Sunday, September 2, 2012

Thinking About Writing Conferences

As we approach writing conferences at the beginning of the school year, I think an important goal is to get to know our students. As workshop teachers, we want our students to believe that their lives have importance and small moments that are worth writing about. During the first couple of weeks, writing conferences have the potential of multi-tasking as powerful ways to get to know students as well as letting them know how worthy their lives are of written documentation!

In How’s It Going, Carl Anderson writes about how important it is for us to communicate to our students how much we care about them. He writes that “the reason that many students are willing to take on the difficult challenge of outgrowing themselves as writers is not because we ask just the right questions about their writing work, or because our feedback is right on the mark, or because we teach them brilliantly. In the end the success of a conference often rests on the extent to which students sense that we are genuinely interested in them as writers—and as individuals.” (p.22)

Writing conferences are a great way to get to know students. When a student writes about a New York adventure, it can segue to so many conversations that can help you get to know about that student as a person. Maybe your conversation will go in the direction of the importance of family; maybe it will turn into a conversation about favorite sports teams and maybe it will evolve into a conversation about climbing a rock in Central Park. Who knows? The important part is that you are establishing a relationship with that child which will be the springboard for pushing him/her as a writer.
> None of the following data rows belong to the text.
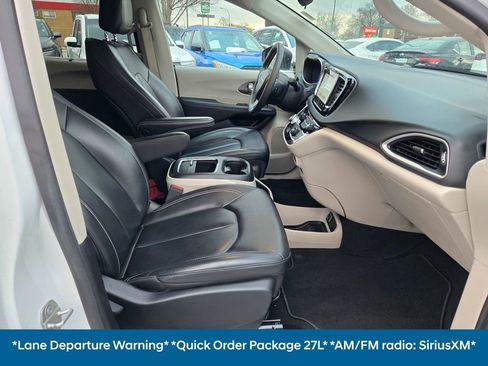 Used 2023 Chrysler Pacifica Touring-L image 11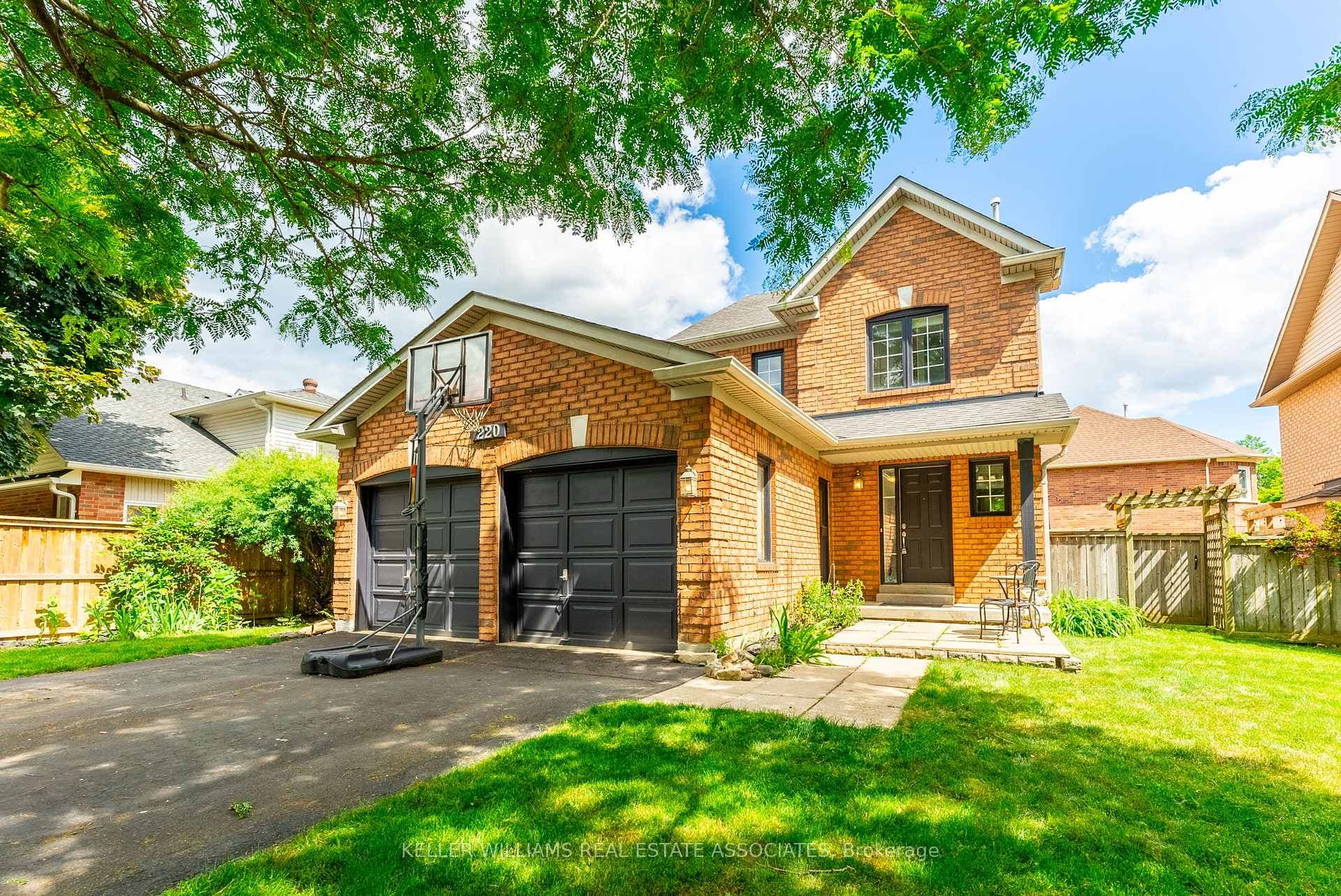 220 Fellowes Crescent photo 1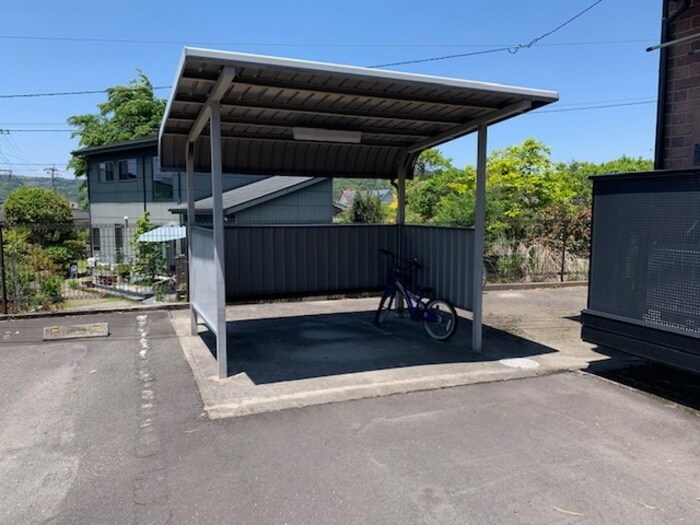 物件外観写真3　(駐輪場)
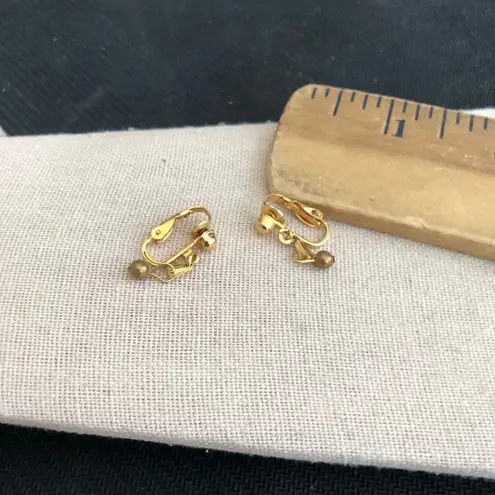 Vintage Clip On Earrings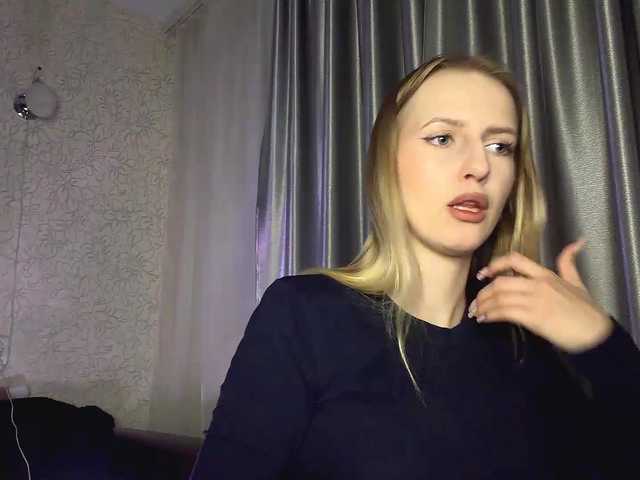 RaisaBrentz's BongaCams show and profile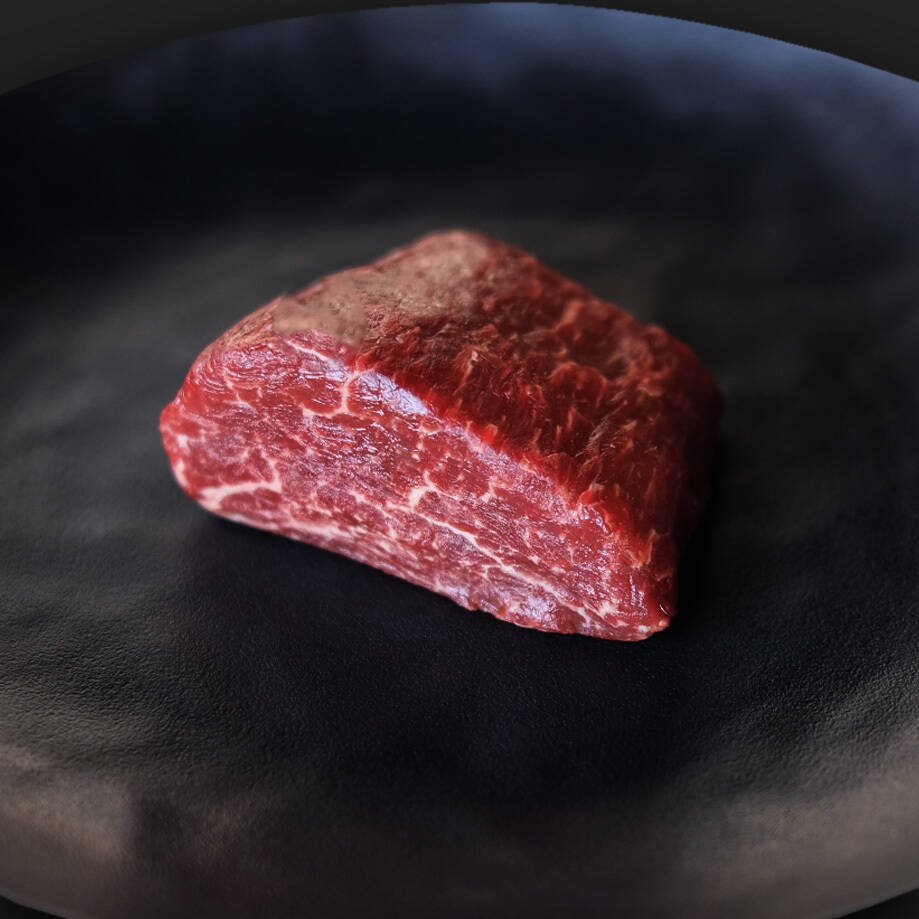 宮崎県産黒毛和牛　延岡長寿牛　ヒレ 希少】八崎牛 ヒレ 100g：宮崎県産の黒毛和牛｜食べチョク｜産地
So then, part of the hard work becomes how to be interested and how to show that interest. Maybe, then before the work of memorizing the types of conferences and the questions that go along with them, comes the work of setting up the classroom environment and routines so that you can focus on what a student is sharing with you and pay attention to it. That means that you are not managing student behavior or answering adult’s questions or thinking about what the next question will be that you will ask or what time the students should line up for lunch…it means that you are listening to student writing and responding as an interested and caring audience. In my yoga class, my instructor frequently challenges us not to think and just to clear our minds—it’s really hard! I don’t know about you but I am always thinking and I am usually thinking about more than one thing at a time so really listening to a student’s story, especially when it is in the early stages and difficult to follow, is hard!
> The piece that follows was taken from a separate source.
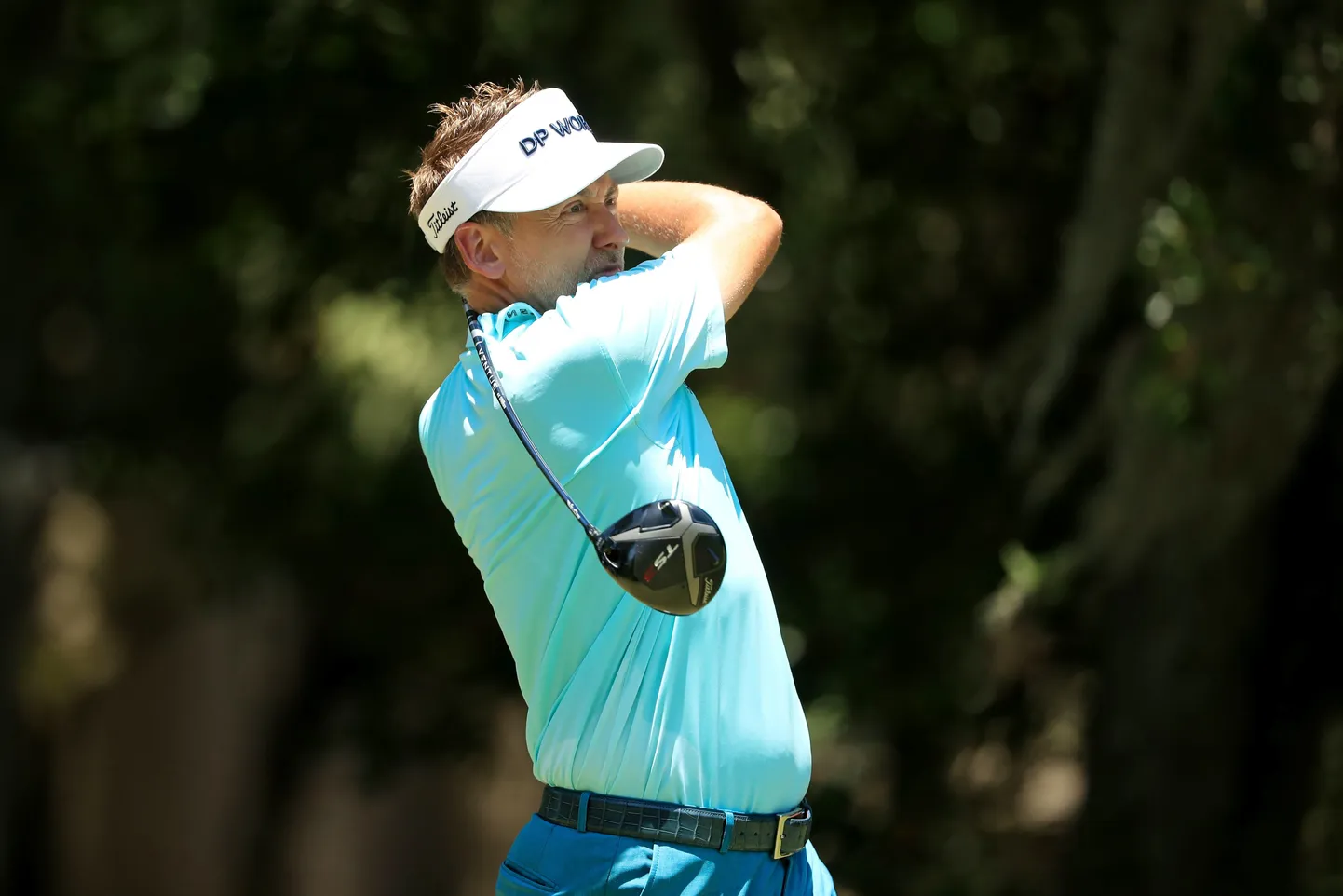 Inglane Ian Poulter ei suutnud otseülekande ajal kõhutuuli kinni hoida.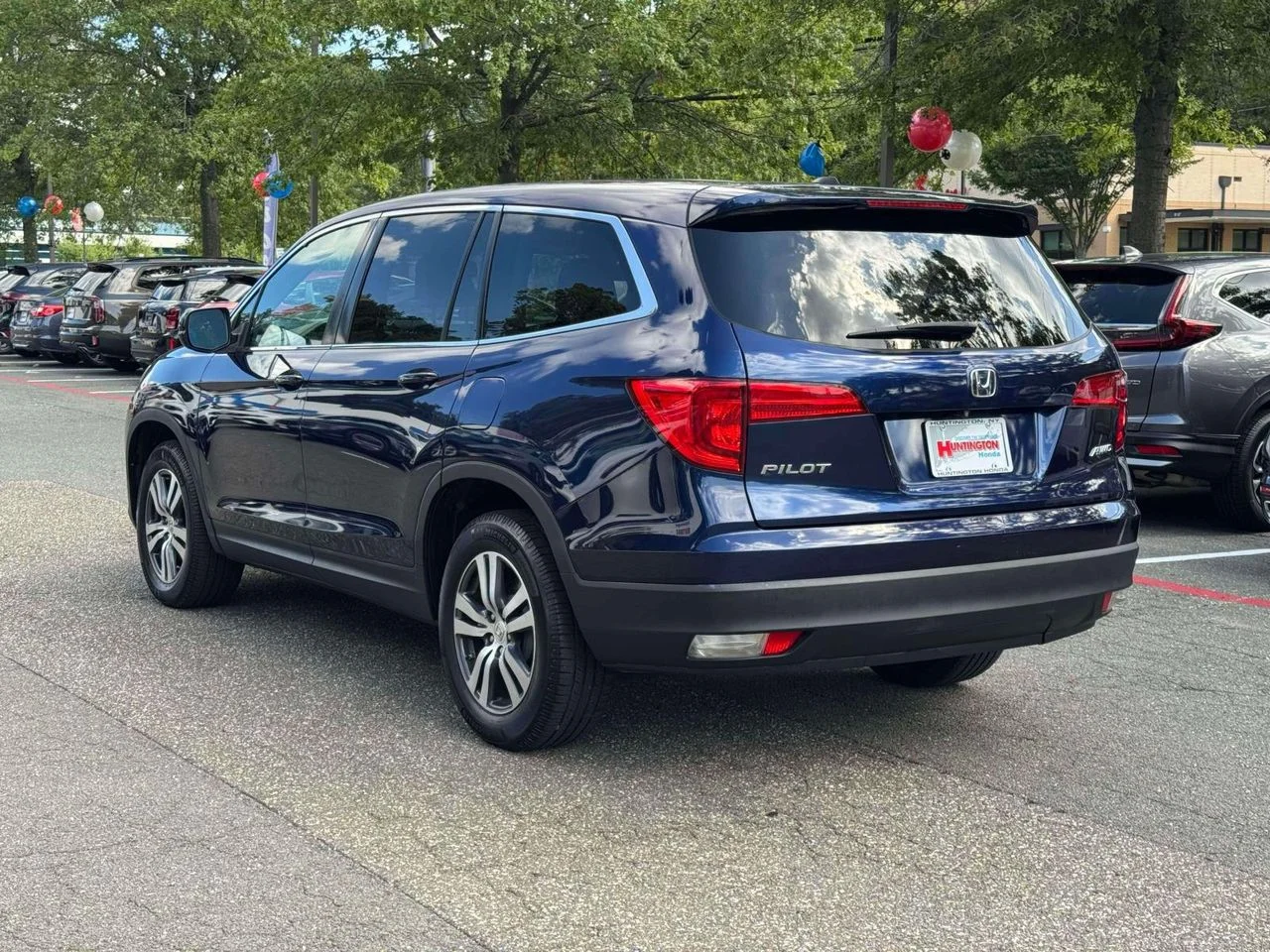 Used 2017 Blue Honda EX-L image 5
One of the reasons I write is to share parts of my life and develop pieces that have meaning and value to me so it is important to me to have people respond to the content and not just to how clearly or fluently or accurately or precisely I have written. Maybe the first few conferences you have are just to react to the content so that they realize that writing matters and as Carl Anderson wrote, that “they have lives worth writing about.”

Later, I will be sending you charts that show specific types of conferences and questions that align to them. Be on the look out for that. In the meantime, develop your relationships and convictions that writing is important, that your students’ lives have story-worthy moments, that their voices matter, and that their opinions have a respectful home in your classroom. Those messages are critical for launching the writing workshop.